Schlitz quit the Milwaukee brewery workers plan on Aug. 14, 1981. The next year, the brewer was purchased by The Stroh Brewery Co., Detroit. At issue is $1.6 million in interest for 1981, which has now grown to more than $3.5 million, said Michael G. Bruton, attorney with Pretzel & Stouffer, Chicago, which is representing the pension plan.
Schlitz began paying its withdrawal liability to the plan Oct. 29, 1981, so it skipped payments for little more than two months.
"It's an important issue to employers who are dealing with withdrawal liability payments," Ms. Hoffman said. The high court ruling could be particularly important to employers that wish to quickly pay off their dues to such group pension plans, she noted. At the heart of the dispute is the calculation of the interest employers must pay on their withdrawal liability. The Multiemployer Pension Plan Amendments Act, which regulates union plans, imposes a withdrawal liability on employers that bow out of group plans, and gives employers up to 20 years to pay it off, according to a set payment schedule. Moreover, employers are required to pay interest - at the same rate assumed by the plan - on the principal.
What makes the issue controversial is that the law stipulates pension plans must calculate this liability as of the last day of the previous year and assumes employers that quit the plan will not start paying their share of the plan's unfunded promises until January of the year following their withdrawal, regardless of when they actually start paying up. In fact, employers are not actually required to pay until the pension plan demands the money.
What this does is create a year's gap between the day on which the liability is calculated, and employers are expected to start paying.
But employers that have quit group plans in the middle of a year have fought against paying interest on a liability they argue didn't exist until that date. Meanwhile, the union plans contend the employers' liabilities pre-date withdrawal and because employers are allowed to pay off their liability over an extended period of time, charging them interest on their share of the unfunded benefits from the valuation date makes sense.
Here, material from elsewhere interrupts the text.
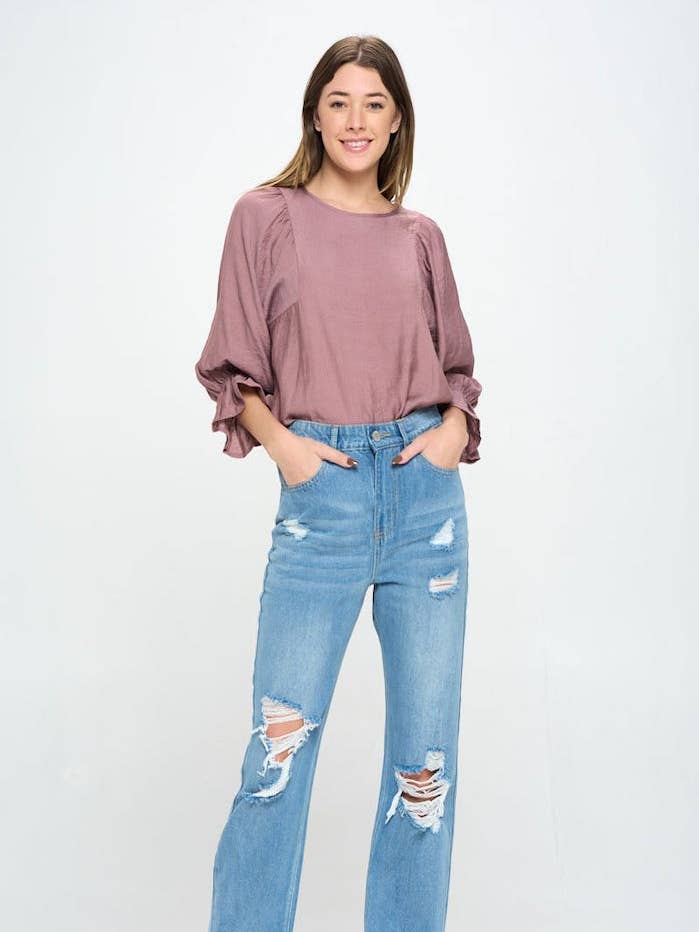 JEANS RETOS RASGADOS DE CINTURA ALTA por atacado de BLUE AGE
The Teamsters Central States, Southeast and Southwest Areas Pension Fund, for example, which filed a companion brief with the Milwaukee Brewery Workers Pension Fund before the 7th U.S.Circuit Court of Appeals, noted in its court documents that it had charged employers that left the plans a full year's rate of interest - 8% - in the 13 years since the law was enacted, and had collected about $370 million in withdrawal liability from employers over that period. The Teamsters' pension plan also was expected to file papers supporting the Milwaukee brewery workers before the Supreme Court.
"If you don't allow interest to be charged in the gap year, there will be somewhat of a shortfall in the amount the withdrawing employer will be paying to the plan .*.*. and the reason Congress set up the statutory scheme that they did is to attempt to make sure plans are made whole when the employer withdraws," explained Mr. Bruton. What makes the outcome of the case hard to predict is the different interpretations coming from appellate courts. In the Schlitz case, the 7th U.S. Circuit Court of Appeals noted that the law "does not authorize the assessment of interest before an employer's obligation to pay arises."
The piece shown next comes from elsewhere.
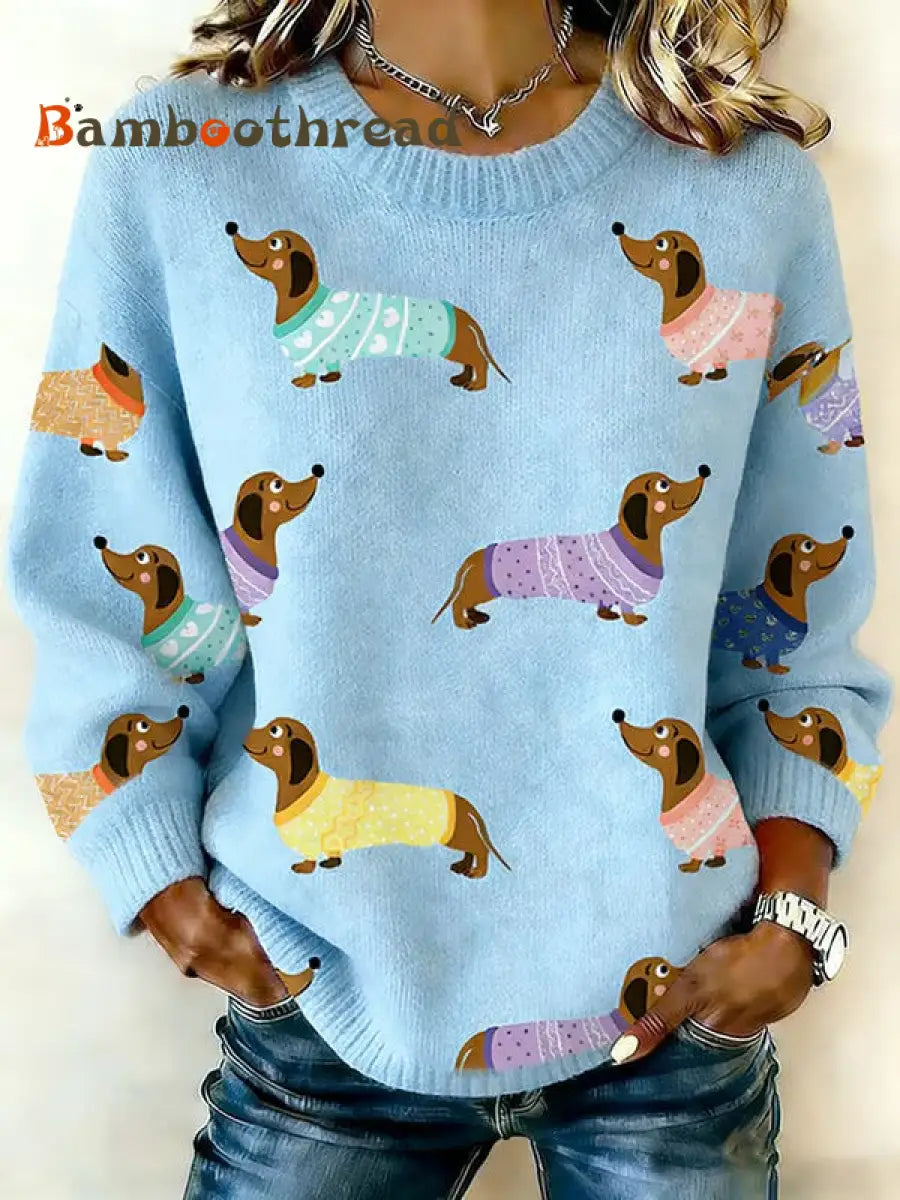 Women’s Dachshund Dog Knitted Sweatshirt Blue / S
Yet, the 3rd Circuit, in an earlier case - Ray Huber et al. vs. Casablanca Industries Inc. - reasoned the prescribed payment schedule to mean the first payment, including interest, is due at the end of the first year after the withdrawal liability is calculated.
And the 4th U.S. Circuit Court of Appeals, in Borden Inc. vs. Bakery & Confectionery Union, decided the law does not state withdrawing employers must pay interest on any liability incurred for the period before they actually must start paying money.
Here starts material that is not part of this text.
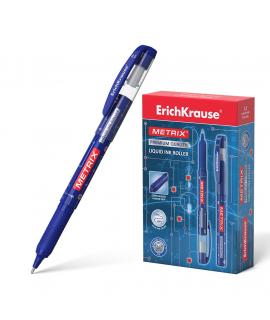 Erichkrause Metrix - Roller Clasico con Punta Normal - Cuerpo Ligero de Plastico - Tinta de Gel de Secado Rapido - Color Azul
The National Coordinating Committee for Multiemployer Plans, which had filed a brief supporting the union plan in the Casablanca case, also is supporting the Milwaukee brewery workers' plan before the Supreme Court.
Peter K. Schmidt, partner at the Washington law firm Arnold & Porter, who represents the Multiemployer Plan committee, said: "The Supreme Court will decide it the way the 3rd Circuit did. That is my prediction and my hope."